* _Information shown_
————————
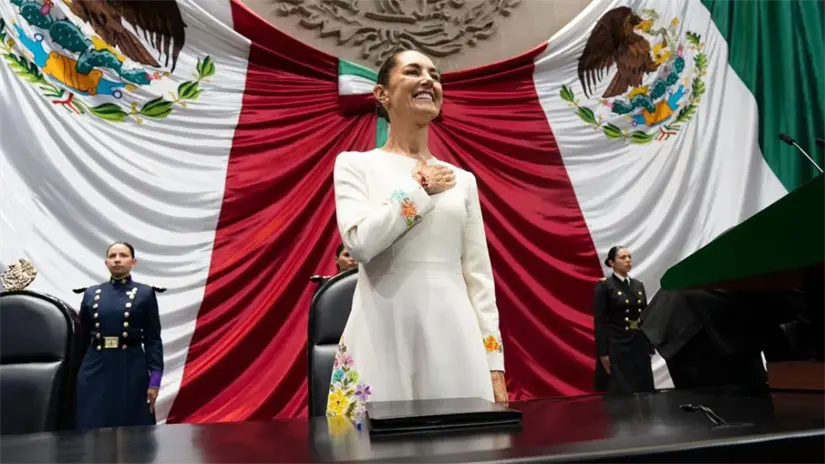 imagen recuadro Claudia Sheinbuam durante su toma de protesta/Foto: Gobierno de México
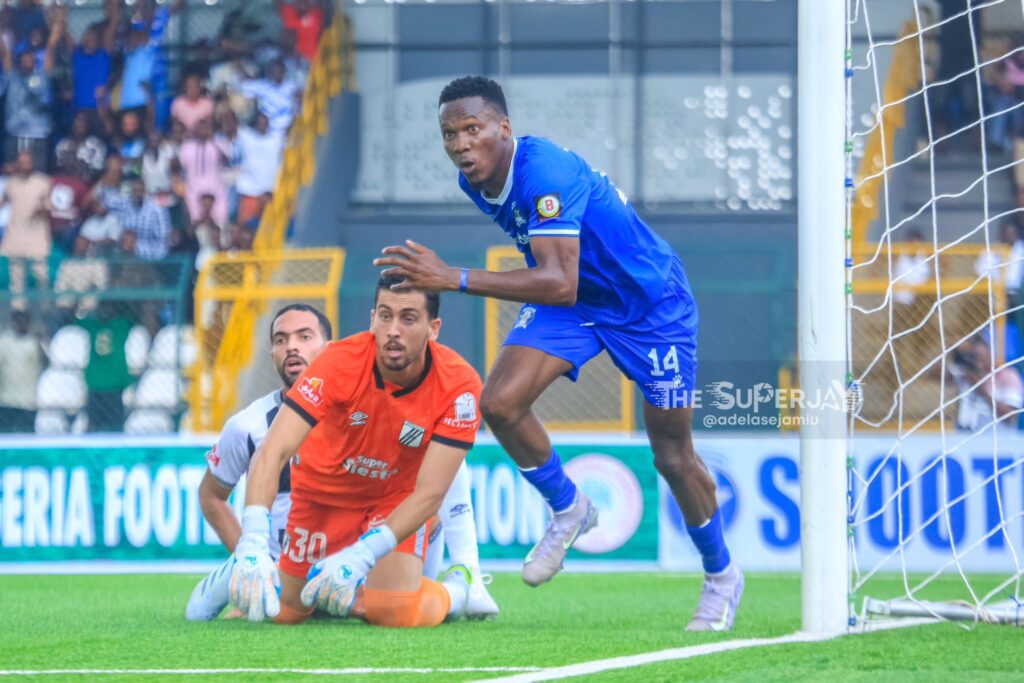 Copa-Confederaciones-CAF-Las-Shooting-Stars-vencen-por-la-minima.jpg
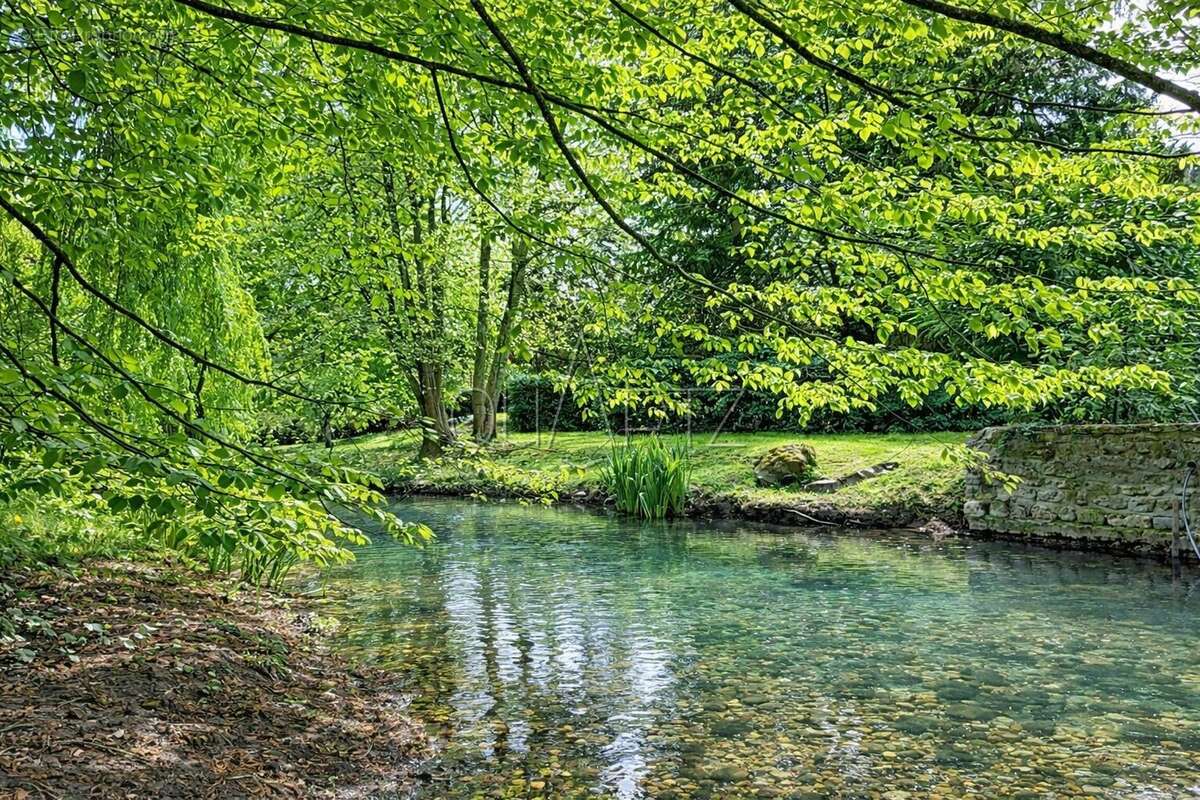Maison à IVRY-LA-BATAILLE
————————
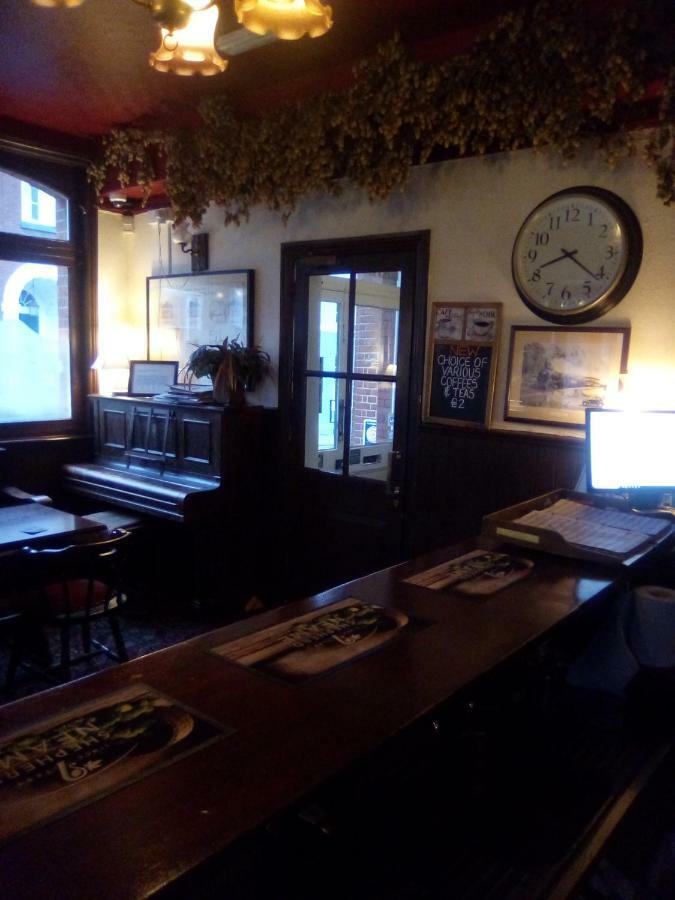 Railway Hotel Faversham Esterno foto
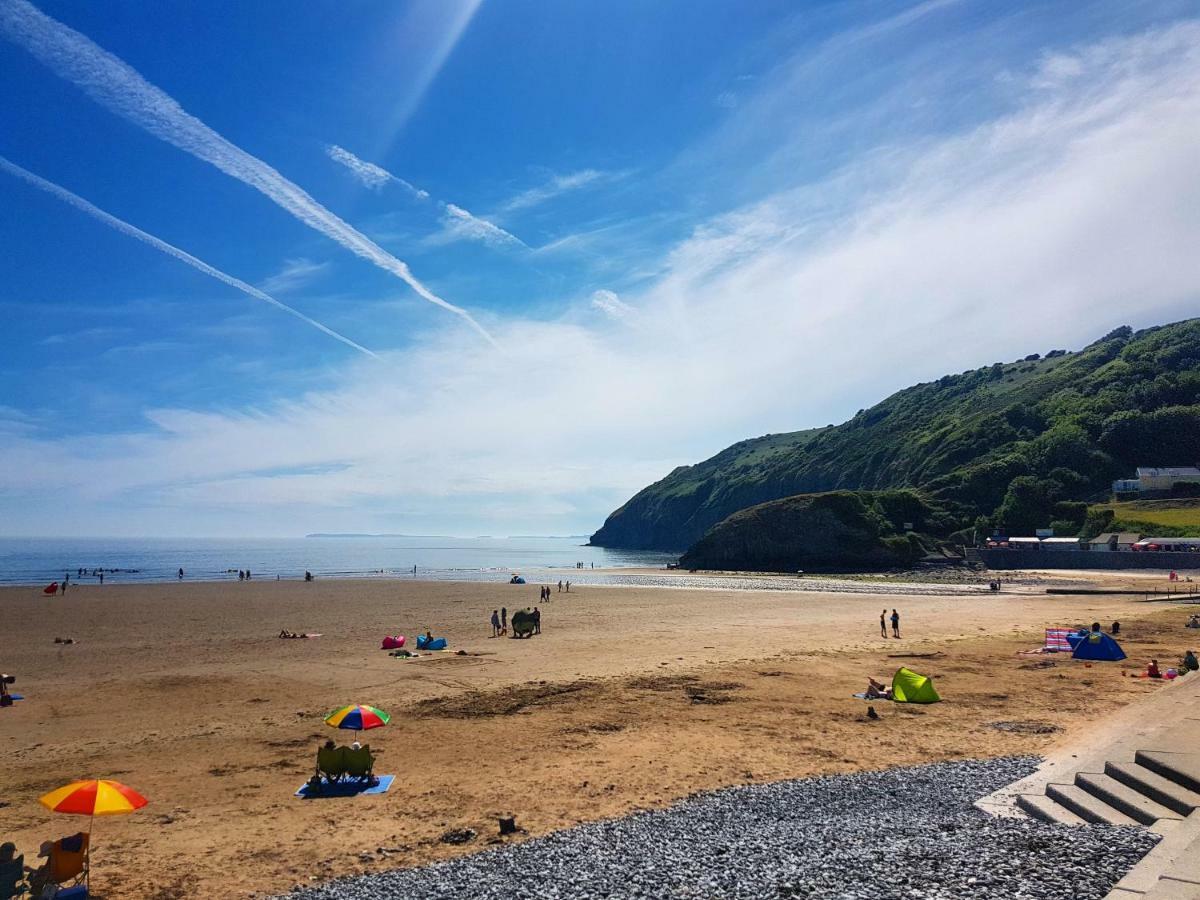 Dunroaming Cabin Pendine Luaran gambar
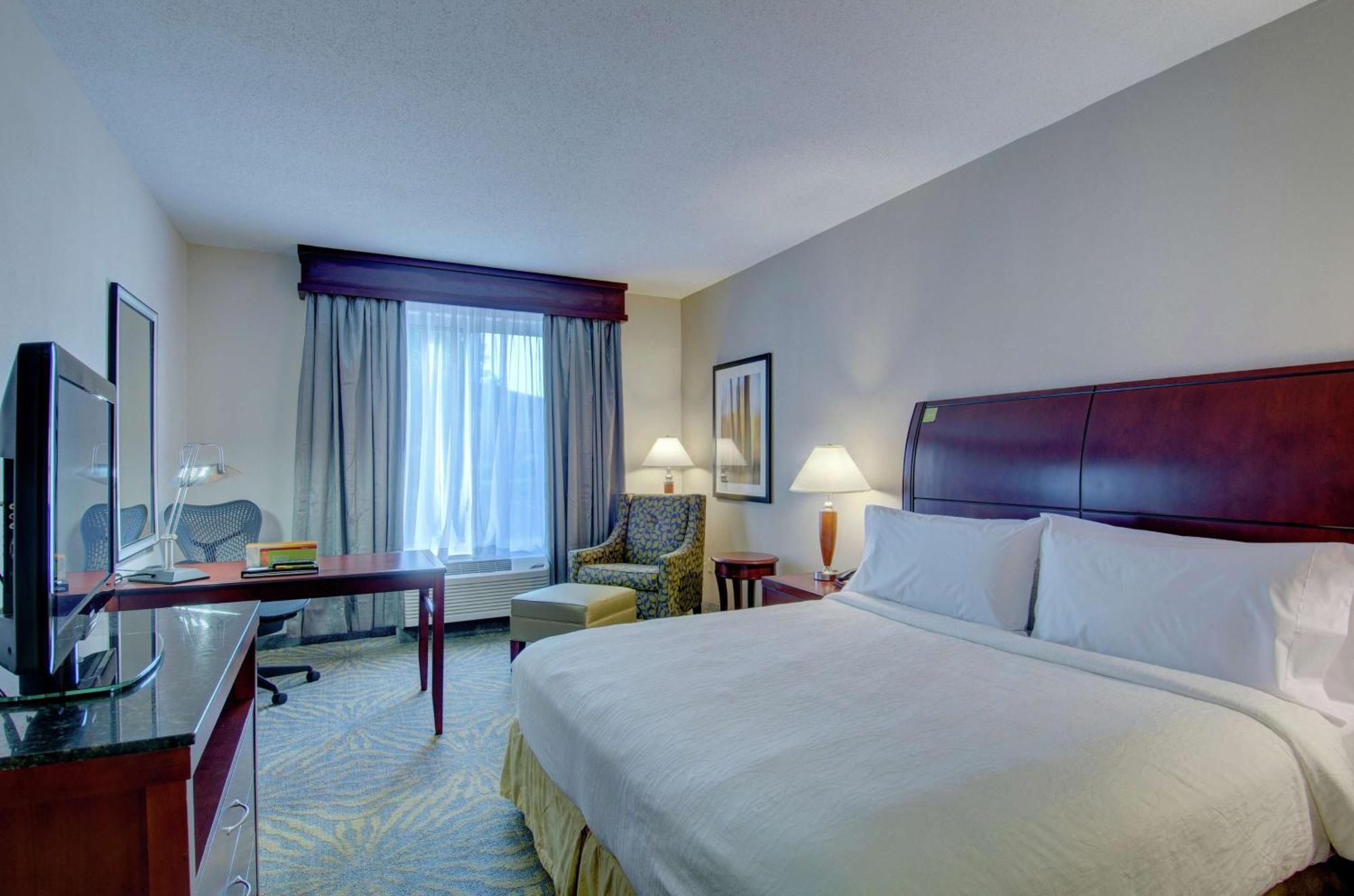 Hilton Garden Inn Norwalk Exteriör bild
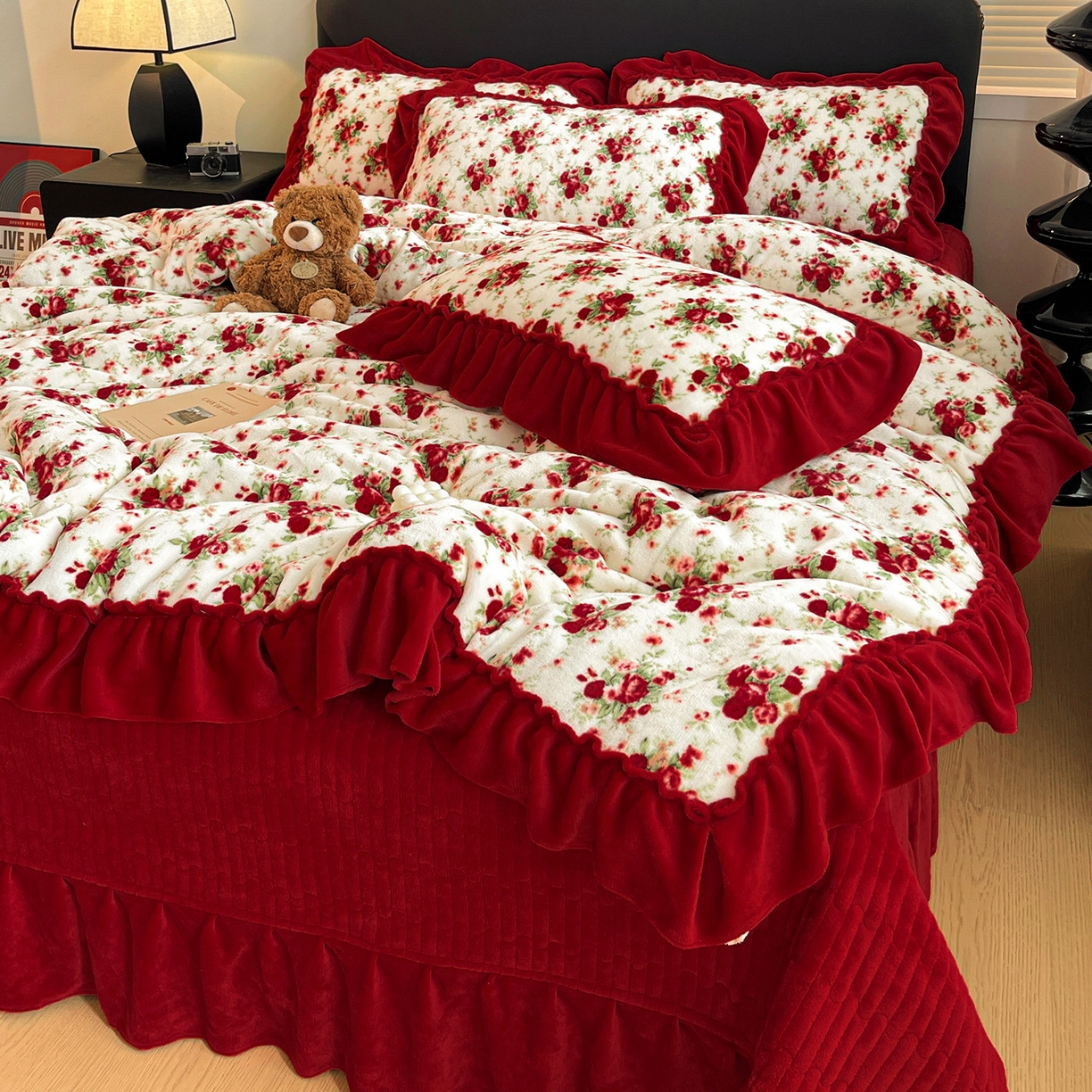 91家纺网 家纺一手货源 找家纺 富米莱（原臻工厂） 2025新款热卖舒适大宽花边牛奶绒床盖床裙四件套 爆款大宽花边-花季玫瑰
————————
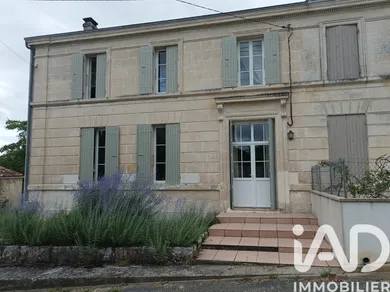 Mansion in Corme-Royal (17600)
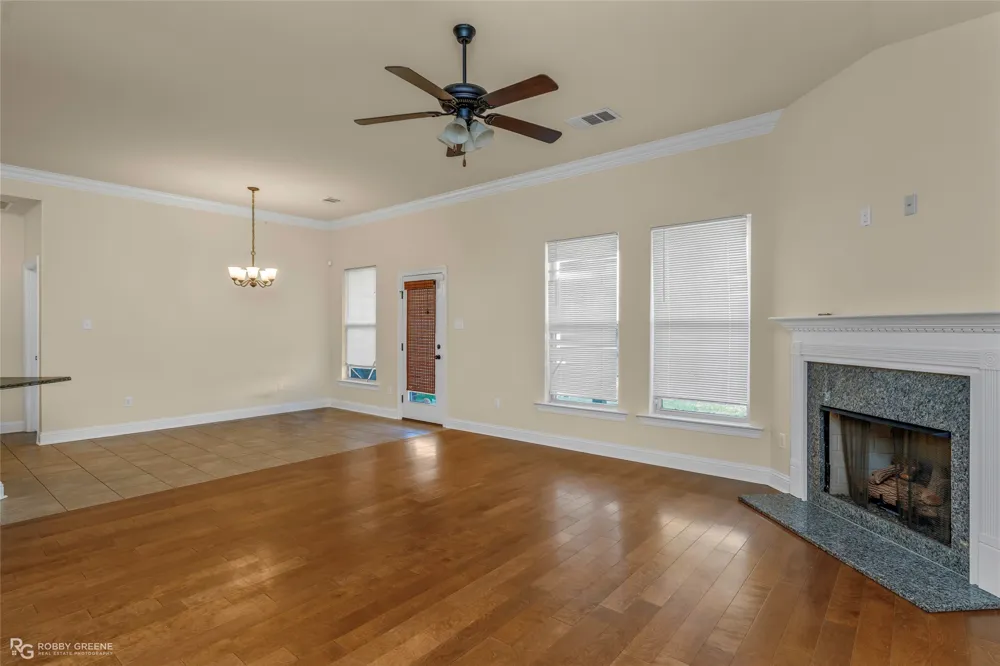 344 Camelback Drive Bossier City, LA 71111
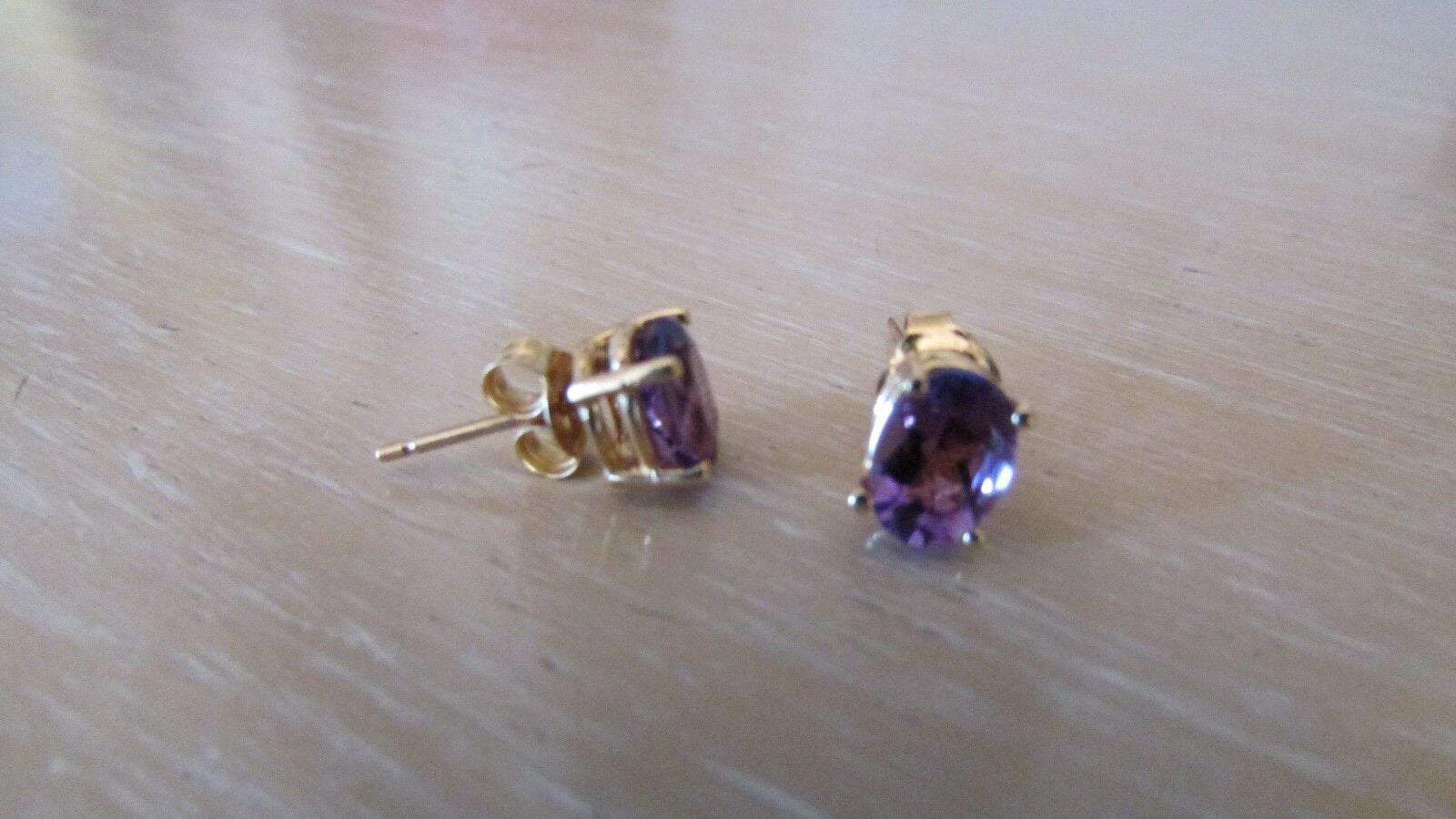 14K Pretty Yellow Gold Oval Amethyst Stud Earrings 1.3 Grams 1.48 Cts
————————
* _Exercise brief_
Reproduce the data above exactly, but only from the line containing "imagen recuadro Claudia" through the line containing "Maison à IVRY-LA-BATAILLE"; skip the pictures.

* _Reply to the exercise_
 imagen recuadro Claudia Sheinbuam durante su toma de protesta/Foto: Gobierno de México
 Copa-Confederaciones-CAF-Las-Shooting-Stars-vencen-por-la-minima.jpg
Maison à IVRY-LA-BATAILLE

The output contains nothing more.